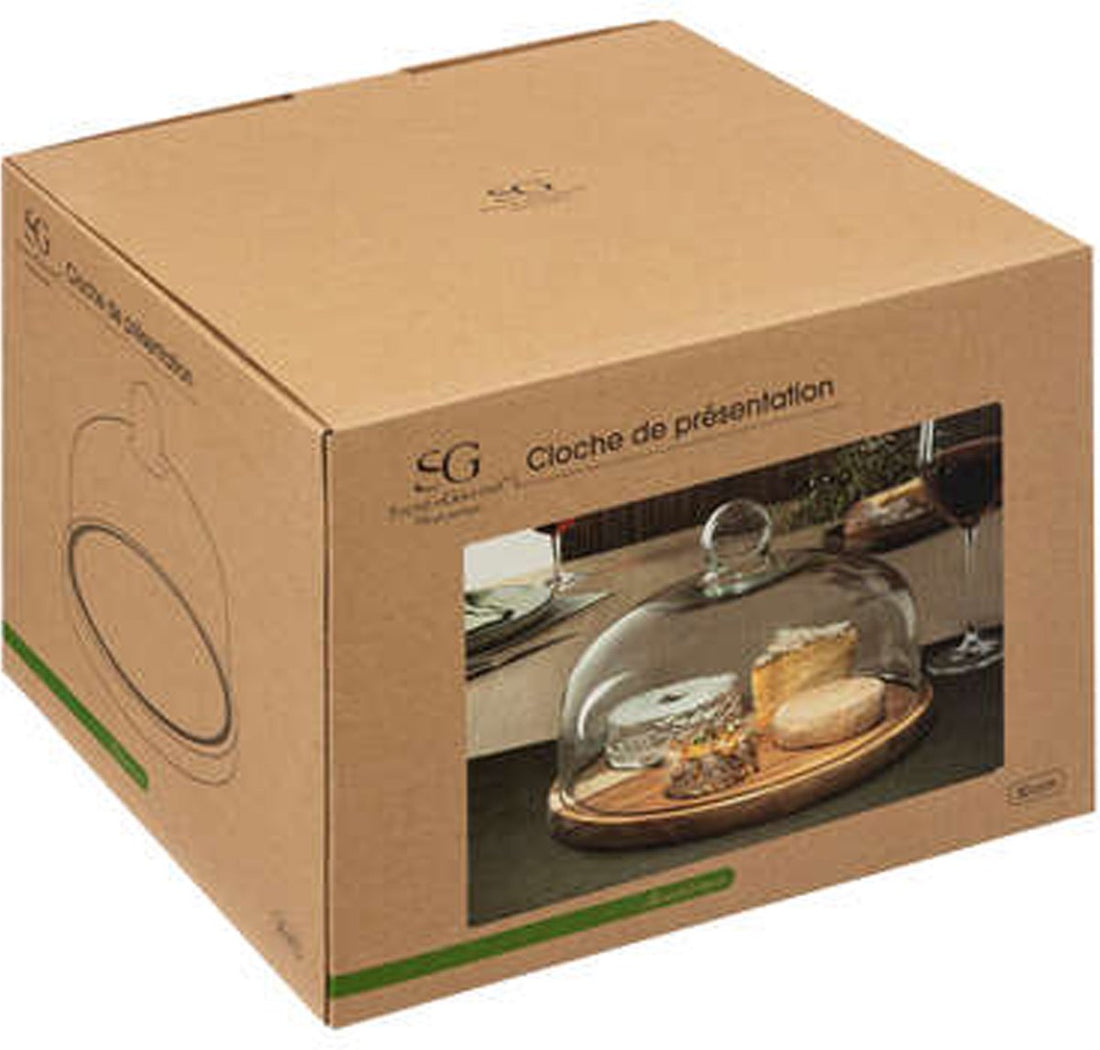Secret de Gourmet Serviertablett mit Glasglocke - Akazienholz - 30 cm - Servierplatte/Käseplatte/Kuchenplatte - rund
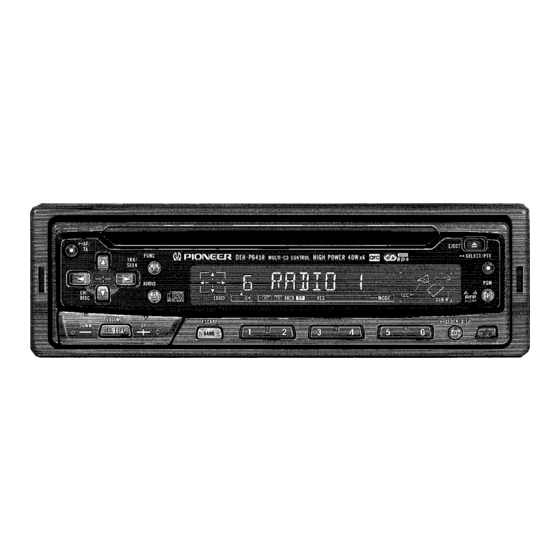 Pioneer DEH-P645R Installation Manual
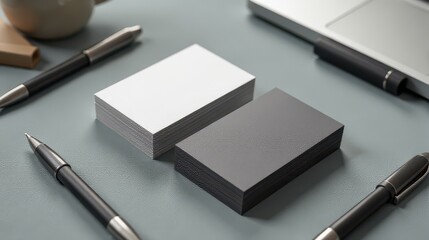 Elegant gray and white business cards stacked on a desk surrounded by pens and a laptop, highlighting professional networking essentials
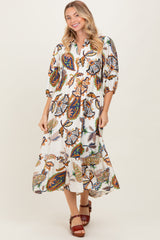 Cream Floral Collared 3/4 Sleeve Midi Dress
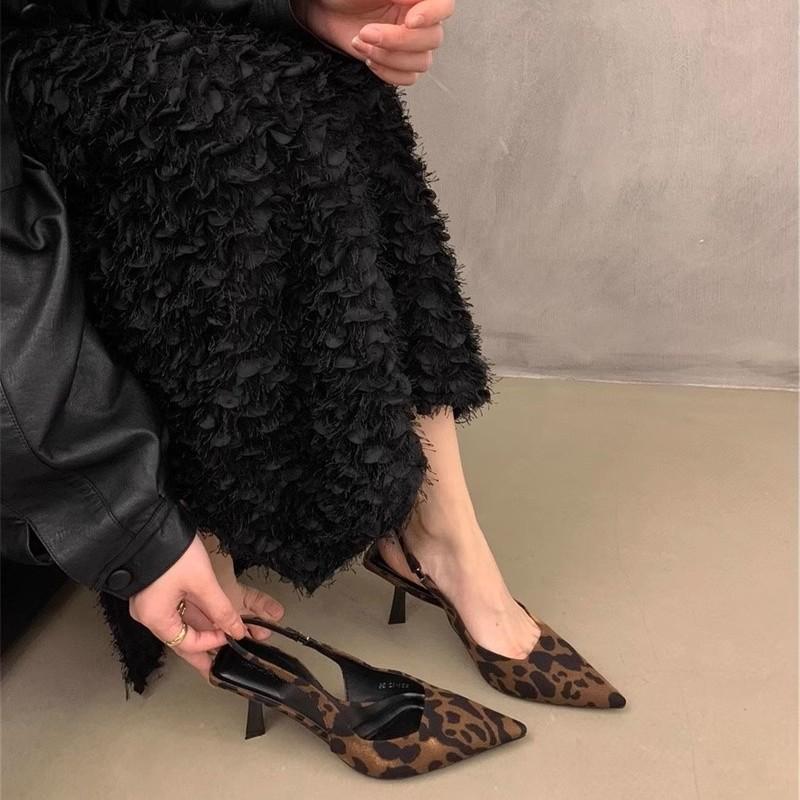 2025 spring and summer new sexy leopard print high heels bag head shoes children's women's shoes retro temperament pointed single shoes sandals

++++++

■ **What you need to do**
Once you find the line containing "Elegant gray and", retype it and every line after it through the last line of the records above, exactly. Add nothing else, and leave out the pictures.

■ **Task solution**
 Elegant gray and white business cards stacked on a desk surrounded by pens and a laptop, highlighting professional networking essentials
 Cream Floral Collared 3/4 Sleeve Midi Dress
 2025 spring and summer new sexy leopard print high heels bag head shoes children's women's shoes retro temperament pointed single shoes sandals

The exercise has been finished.